Twenty years after the 9/11 attacks, the war on terror is far from over, experts warn.
Specialists believe that, while the West’s intelligence services and security systems are stronger than they were in September 2011, it remains impossible to stop every terrorist.
The sobering assessment came as leaders around the world yesterday paid their respects to those who died on September 11, 2001 and in all the years since as the repercussions of the jihadists’ attack continue to reverberate. In London, Prime Minister Boris Johnson warned that the threat of terrorism remained.
At a memorial event at the Olympic Park the prime minister said in a recorded message that, despite this, people refused to live their lives in permanent fear. He said: “The fact that we are coming together today, in sorrow but also in faith and resolve, demonstrates the failure of terrorism and the strength of the bonds between us.”
Johnson, who was marking the anniversary from Chequers, said recent events in Afghanistan had only strengthened people’s belief in freedom and democracy.
And, in a message on a card in Grosvenor Square, he said flowers laid were “in remembrance of those taken from us on 9/11, and in defiance of those who would have us live in fear”.
Tony Blair, prime minister at the time of the attacks, also spoke in a recorded message. He said the thinking of the 9/11 terrorists was “filled with hatred, an ideology at violent odds with a world seeking to flourish across boundaries of faith and culture”.
It is as “flawed and irrational” today as it was 20 years ago, he added.
But one of Scotland’s leading experts on international security said the threat remained clear and the West’s struggle against terror would continue.
Professor Rick Fawn, of the School of International Relations at St Andrews University and co-editor of Global Responses To Terrorism, said: “This war is not and cannot be over. It is an existential war – that is, against an idea, a phenomenon, something intangible, even if it takes the form of, for example, al Qaida. It can and will continue to take multiple forms.”
Fawn warned terrorists could wait years to strike again. He said: “Our intelligence levels are better than 20 years ago but cannot possibly recognise every terrorist who would act on their own. Osama bin Laden and al Qaida were on government radars before 9/11, and still managed to conduct the attack on the Twin Towers and kill 3,000 people.”
The withdrawal of Western forces from Afghanistan to coincide with the 20th anniversary of the 9/11 attacks saw the Taliban quickly seize back control, prompting fears the country will again provide safe haven for al Qaida, the terrorist network the invasion of Afghanistan was aimed at eradicating.

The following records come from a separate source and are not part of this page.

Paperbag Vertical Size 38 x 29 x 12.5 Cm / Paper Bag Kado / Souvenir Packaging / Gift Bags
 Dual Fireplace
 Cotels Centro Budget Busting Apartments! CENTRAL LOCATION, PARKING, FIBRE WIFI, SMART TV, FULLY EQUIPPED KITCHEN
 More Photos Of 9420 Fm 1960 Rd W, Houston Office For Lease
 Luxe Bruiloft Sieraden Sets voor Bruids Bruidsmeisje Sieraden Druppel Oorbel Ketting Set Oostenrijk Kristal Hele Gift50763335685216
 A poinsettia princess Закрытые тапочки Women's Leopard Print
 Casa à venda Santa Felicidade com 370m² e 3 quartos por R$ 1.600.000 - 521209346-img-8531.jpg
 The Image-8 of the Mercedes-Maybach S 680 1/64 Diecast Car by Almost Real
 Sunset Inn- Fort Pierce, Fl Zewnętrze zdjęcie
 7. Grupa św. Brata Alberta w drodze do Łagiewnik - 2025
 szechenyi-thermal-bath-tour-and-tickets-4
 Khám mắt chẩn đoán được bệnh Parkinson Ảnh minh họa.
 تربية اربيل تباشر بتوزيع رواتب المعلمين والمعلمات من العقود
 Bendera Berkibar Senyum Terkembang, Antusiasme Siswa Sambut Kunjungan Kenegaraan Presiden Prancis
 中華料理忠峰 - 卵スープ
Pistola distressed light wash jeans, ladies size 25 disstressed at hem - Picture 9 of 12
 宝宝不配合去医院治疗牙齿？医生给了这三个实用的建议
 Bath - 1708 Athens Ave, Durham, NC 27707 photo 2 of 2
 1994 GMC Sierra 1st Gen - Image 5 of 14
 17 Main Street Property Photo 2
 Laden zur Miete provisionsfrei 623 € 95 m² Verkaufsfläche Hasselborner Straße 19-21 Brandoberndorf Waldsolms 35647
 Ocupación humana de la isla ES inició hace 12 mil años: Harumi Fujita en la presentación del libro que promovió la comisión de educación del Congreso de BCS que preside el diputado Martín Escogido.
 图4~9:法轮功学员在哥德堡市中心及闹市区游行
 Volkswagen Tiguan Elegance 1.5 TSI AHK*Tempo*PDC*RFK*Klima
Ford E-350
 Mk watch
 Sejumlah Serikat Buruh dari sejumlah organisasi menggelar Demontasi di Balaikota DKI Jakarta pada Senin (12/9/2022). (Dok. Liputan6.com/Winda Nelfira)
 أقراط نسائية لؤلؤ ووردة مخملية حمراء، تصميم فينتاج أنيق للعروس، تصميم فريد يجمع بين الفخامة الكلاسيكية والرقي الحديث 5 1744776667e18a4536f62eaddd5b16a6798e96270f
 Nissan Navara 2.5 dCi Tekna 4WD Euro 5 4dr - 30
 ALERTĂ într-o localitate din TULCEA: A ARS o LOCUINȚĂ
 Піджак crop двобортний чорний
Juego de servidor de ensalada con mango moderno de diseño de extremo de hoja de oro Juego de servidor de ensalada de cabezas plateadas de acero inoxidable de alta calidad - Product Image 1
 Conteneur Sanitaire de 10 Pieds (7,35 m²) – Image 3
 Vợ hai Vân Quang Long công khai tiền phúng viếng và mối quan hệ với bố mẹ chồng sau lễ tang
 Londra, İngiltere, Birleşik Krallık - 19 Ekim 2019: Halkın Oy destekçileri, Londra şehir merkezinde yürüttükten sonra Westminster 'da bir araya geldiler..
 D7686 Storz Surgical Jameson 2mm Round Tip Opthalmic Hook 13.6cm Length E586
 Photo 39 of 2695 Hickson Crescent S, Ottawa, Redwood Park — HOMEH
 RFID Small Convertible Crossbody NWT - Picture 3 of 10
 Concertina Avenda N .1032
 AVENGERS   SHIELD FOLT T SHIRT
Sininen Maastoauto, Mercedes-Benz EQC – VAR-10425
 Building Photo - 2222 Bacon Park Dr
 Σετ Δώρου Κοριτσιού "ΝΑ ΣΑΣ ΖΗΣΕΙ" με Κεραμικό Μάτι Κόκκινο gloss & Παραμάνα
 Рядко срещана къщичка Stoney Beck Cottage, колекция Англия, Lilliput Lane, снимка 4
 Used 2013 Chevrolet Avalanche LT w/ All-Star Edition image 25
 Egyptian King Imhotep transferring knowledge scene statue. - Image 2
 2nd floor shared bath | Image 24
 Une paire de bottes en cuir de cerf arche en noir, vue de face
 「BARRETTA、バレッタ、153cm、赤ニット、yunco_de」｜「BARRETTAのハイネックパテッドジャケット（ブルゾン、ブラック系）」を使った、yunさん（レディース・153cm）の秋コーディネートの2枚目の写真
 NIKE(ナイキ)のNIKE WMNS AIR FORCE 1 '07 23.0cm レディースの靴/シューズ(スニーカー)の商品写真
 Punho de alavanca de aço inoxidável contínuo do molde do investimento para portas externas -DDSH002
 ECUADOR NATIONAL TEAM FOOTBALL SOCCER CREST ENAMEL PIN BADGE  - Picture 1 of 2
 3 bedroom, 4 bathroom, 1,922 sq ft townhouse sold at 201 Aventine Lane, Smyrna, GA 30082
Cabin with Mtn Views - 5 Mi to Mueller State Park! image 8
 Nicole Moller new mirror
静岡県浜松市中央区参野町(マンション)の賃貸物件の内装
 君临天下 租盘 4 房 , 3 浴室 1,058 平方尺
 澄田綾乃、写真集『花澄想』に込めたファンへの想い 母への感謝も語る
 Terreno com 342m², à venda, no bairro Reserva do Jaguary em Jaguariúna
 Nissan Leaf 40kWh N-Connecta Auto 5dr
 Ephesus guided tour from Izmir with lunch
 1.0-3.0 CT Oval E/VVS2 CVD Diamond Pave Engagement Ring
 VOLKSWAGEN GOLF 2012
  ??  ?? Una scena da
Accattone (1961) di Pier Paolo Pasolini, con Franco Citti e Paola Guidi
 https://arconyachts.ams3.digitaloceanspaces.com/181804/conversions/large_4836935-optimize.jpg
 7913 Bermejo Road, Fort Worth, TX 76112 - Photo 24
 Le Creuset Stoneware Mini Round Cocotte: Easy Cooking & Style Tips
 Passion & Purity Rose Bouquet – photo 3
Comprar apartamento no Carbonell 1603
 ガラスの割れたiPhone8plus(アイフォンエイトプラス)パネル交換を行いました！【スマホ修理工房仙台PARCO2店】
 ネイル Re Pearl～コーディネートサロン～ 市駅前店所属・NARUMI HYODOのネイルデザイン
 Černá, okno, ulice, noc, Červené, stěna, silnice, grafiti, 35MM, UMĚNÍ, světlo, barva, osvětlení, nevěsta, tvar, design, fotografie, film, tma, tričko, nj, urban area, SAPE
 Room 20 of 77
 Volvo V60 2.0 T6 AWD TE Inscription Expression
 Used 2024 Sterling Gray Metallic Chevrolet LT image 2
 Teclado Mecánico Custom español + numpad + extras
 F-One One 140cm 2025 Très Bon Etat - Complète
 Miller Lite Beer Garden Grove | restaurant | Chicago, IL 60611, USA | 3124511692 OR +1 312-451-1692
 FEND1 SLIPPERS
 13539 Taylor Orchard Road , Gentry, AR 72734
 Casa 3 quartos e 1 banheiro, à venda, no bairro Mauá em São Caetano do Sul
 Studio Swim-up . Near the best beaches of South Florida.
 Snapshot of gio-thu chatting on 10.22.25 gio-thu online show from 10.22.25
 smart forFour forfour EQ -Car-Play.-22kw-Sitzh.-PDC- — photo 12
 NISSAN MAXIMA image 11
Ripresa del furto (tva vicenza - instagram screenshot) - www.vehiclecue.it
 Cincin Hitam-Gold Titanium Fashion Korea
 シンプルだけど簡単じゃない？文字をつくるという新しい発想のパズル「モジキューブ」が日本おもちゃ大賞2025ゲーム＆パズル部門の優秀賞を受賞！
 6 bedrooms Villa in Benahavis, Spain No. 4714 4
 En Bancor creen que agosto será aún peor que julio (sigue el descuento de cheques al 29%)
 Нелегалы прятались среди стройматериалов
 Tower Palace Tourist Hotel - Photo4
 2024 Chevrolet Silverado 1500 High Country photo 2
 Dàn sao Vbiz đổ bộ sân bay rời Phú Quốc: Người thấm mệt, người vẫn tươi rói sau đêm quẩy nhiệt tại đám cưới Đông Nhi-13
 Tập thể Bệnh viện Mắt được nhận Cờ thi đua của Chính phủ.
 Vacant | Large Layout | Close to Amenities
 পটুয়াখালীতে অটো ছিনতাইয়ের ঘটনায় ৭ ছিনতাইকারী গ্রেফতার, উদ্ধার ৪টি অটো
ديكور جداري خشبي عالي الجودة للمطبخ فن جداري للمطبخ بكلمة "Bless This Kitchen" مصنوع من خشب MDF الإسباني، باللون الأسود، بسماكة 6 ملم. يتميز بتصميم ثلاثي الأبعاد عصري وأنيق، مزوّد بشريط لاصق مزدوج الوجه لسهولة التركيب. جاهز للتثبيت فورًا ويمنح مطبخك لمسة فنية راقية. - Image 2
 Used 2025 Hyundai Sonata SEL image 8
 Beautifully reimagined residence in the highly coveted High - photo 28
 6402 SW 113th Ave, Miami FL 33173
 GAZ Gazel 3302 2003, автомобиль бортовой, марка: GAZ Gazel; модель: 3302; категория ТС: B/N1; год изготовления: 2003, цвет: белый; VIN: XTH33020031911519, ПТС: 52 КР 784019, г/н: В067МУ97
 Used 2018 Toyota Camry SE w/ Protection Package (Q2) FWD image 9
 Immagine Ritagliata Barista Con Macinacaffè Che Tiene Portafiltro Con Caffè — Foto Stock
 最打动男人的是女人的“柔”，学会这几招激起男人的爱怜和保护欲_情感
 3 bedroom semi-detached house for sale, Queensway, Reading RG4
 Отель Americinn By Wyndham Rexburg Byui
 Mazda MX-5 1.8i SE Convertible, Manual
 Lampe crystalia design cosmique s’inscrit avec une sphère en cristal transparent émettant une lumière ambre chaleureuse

Meanwhile, former MI6 chief Sir Richard Dearlove, who headed the Secret Intelligence Service between 1999 and 2004, said the 2001 attacks had “shocked and terrified in equal parts”. Yesterday, at the memorial event in Olympic Park, he said: “We had reason to expect a major terrorist attack but, tragically, intelligence did not indicate where or when precisely.”
He said the atrocities were an “assault of unprecedented ruthlessness and ferocity on our society and on our values”.
Within 36 hours of the 9/11 attack, he was travelling to Washington with senior intelligence and security officials on the only flight allowed to cross the Atlantic as US airspace was closed in the immediate aftermath.
He recalled that, as he flew over New York and Washington, “the plane descended over the still-smoking ruins of the Twin Towers”.
Sir Richard said: “We felt we were on the cusp of a global terrorist offensive against the West’s interests, wherever they might be located.”
He said the work of the security services was still vital. “Their successes largely go unacknowledged,” he said, “but they are among the first to be blamed when things go badly, as they must do sometimes when the nature of the threat stretches from large-scale conspiracies to lone wolves, and their targets are infinite and random.
“To be able to stop terrorist attacks you have to gain the courage to risk mistakes, even serious ones. The choice between intervention and gaining more intelligence is always a fine one.”
Meanwhile, experts yesterday warned the West’s war on terror was far from over. On Friday MI5 Director General Ken McCallum said there was no doubt the return of the Taliban would have heartened and emboldened extremists, and warned of the potential return of al Qaida-style terrorist plots.
“Even though those directed plots and centrally organised bits of terrorism take a bit longer to rebuild…overnight, you can have a psychological boost, a morale boost to extremists already here, or in other countries,” said McCallum.
“So we need to be vigilant, both for the increase in inspired terrorism, which has become a real trend for us to deal with over the last five to 10 years, alongside the potential regrowth of al Qaida-style directed plots.”
A similar warning came from the former head of the UK Armed Forces. General Lord Richards said the return of the Taliban in Afghanistan raised the prospect of “another 9/11”.
“We’ve now been pitched back into a dark period, which we somehow have to manage,” he said.”